| Supplied information |

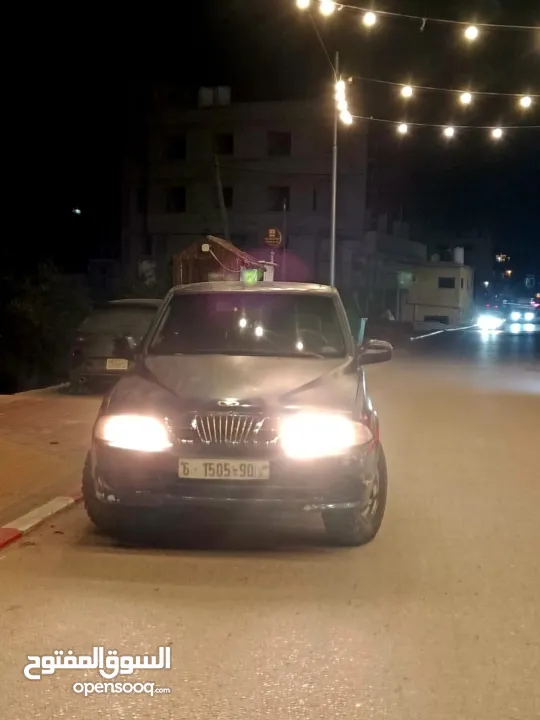 جيب دايو موسو 1999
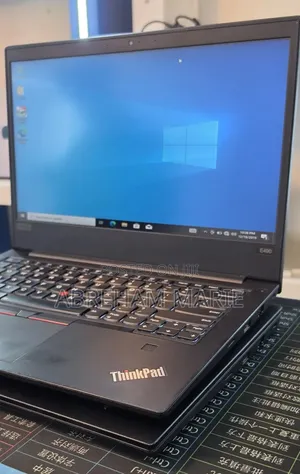 New Laptop Lenovo ThinkPad E14 Gen 1 8GB Intel Core i7 SSD 256GB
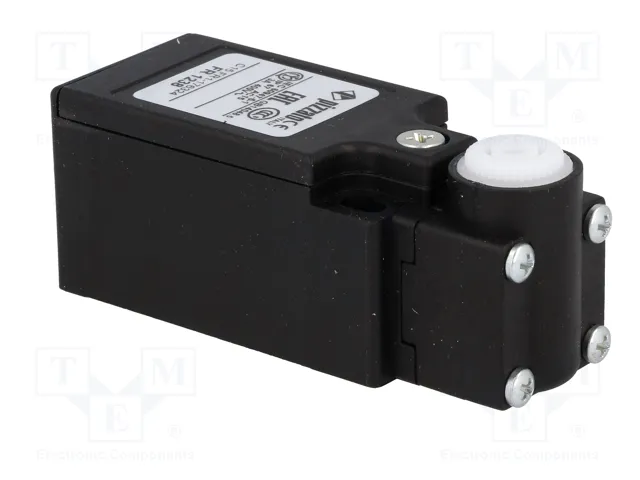 PIZZATO ELETTRICA FR 1238 Interruptor de fin de carrera NO x2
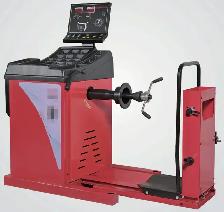 New CAEL Heavy-Duty Truck Wheel Balancer & Tire Changer – Certi - Photo 3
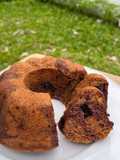 Bolu Pisang Kukus (ngembang cantik)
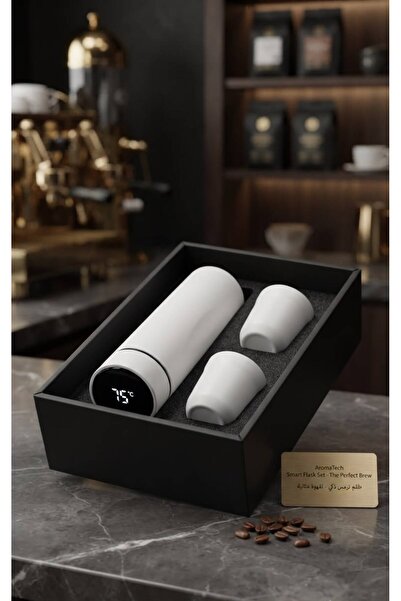 PA Zumzam Water Set with Cups Plain White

| Problem requirements |
Return the records verbatim, minus pictures.

| Answer section |
 جيب دايو موسو 1999
 New Laptop Lenovo ThinkPad E14 Gen 1 8GB Intel Core i7 SSD 256GB
 PIZZATO ELETTRICA FR 1238 Interruptor de fin de carrera NO x2
 New CAEL Heavy-Duty Truck Wheel Balancer & Tire Changer – Certi - Photo 3
 Bolu Pisang Kukus (ngembang cantik)
 PA Zumzam Water Set with Cups Plain White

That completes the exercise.